GOAL OF THE EXERCISE ->
Your task is to give the data again, exactly, with every line intact.

DATASET ->
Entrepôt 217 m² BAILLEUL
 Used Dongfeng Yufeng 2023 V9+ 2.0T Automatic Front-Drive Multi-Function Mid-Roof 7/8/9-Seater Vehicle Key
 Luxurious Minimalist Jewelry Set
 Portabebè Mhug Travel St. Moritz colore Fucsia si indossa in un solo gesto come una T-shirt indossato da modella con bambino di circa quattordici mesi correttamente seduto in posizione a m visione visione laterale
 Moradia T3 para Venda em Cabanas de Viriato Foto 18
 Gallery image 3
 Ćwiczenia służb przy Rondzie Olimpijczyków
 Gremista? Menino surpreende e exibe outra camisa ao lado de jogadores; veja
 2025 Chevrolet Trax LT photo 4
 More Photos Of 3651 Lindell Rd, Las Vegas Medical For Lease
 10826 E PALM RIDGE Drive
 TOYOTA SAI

TASK RESULT ->
Entrepôt 217 m² BAILLEUL
 Used Dongfeng Yufeng 2023 V9+ 2.0T Automatic Front-Drive Multi-Function Mid-Roof 7/8/9-Seater Vehicle Key
 Luxurious Minimalist Jewelry Set
 Portabebè Mhug Travel St. Moritz colore Fucsia si indossa in un solo gesto come una T-shirt indossato da modella con bambino di circa quattordici mesi correttamente seduto in posizione a m visione visione laterale
 Moradia T3 para Venda em Cabanas de Viriato Foto 18
 Gallery image 3
 Ćwiczenia służb przy Rondzie Olimpijczyków
 Gremista? Menino surpreende e exibe outra camisa ao lado de jogadores; veja
 2025 Chevrolet Trax LT photo 4
 More Photos Of 3651 Lindell Rd, Las Vegas Medical For Lease
 10826 E PALM RIDGE Drive
 TOYOTA SAI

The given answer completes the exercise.